In our battery test, where we play a YouTube 1080p video over Wi-Fi with the brightness set to the max, the Xperia 1 performed poorly against the competition: It only lasted 7 hours and 10 minutes. The Galaxy S10 Plus lasted 12 hours and 40 minutes, and the LG V50 ThinQ managed 10 hours and 30 minutes.
It’s fast to recharge, nabbing around 50% in 30 minutes of a charge with the included charger, but it’s a shame there’s no wireless charging available. Almost every flagship phone has this as a standard feature and it genuinely adds convenience, especially on phones that can’t ensure a full day of use.
Price, availability, and warranty information
The Sony Xperia 1 is available from, , and , and other retailers. It costs $900 and comes with 128GB of internal storage (a MicroSD card slot is present).
Sony offers a standard limited warranty that covers the phone from manufacturer defects for one year from the date of purchase.
Sony’s Xperia 1 is the best Xperia phone to date. But while the cinematic screen is a treat, battery life and the camera could be better, and that’s without mentioning all the quirks with the software. At $950, it’s priced too high, because there are better phones available.
Is there a better alternative?
Easily. If you’re looking for an enriched viewing experience, the Samsung Galaxy S10 Plus is your best bet. It has an excellent AMOLED screen that may spruce up the colors, but it gets fantastically bright. The iPhone XS Max should also be considered. If you can’t do without a 4K 21:9 screen, then the Xperia 1 is your only choice.
If you want the best camera experience, you can get good results with the S10 camera as well, and for videography you’ll have a better time with the iPhone. But the Pixel 3 XL should be given a look as it has the best camera you can buy on a phone.
Of course, the recently released iPhone 11 will attract many buyers, and for good reason. At a starting price of $700, it’s a much better value.
Check out our best smartphones guide for more.
How long will it last?
The Xperia 1 is covered in glass, so buy a case to keep it protected from accidental drops. It’s thankfully IP65/68 water-resistant, so it can handle itself against some water.
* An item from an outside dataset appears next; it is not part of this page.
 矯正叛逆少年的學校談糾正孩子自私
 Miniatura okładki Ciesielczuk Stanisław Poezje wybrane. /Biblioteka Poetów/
Sony does a solid job of updating its phones to the latest software quickly, so you can be sure the Xperia 1 will get Android 10 Q a few months after Google releases it.
Should you buy it?
No. I’ve had a largely pleasurable experience with the Xperia 1 — it’s by no means a “bad” phone — but there are quite a few shortcomings to warrant its $900 price tag.
If you’re a Sony enthusiast, then you’re likely going to buy the Xperia 1 no matter what — and that’s fine. You’ll enjoy your time with the phone, as I have, but I do think it may be worth waiting for a price drop in the coming months.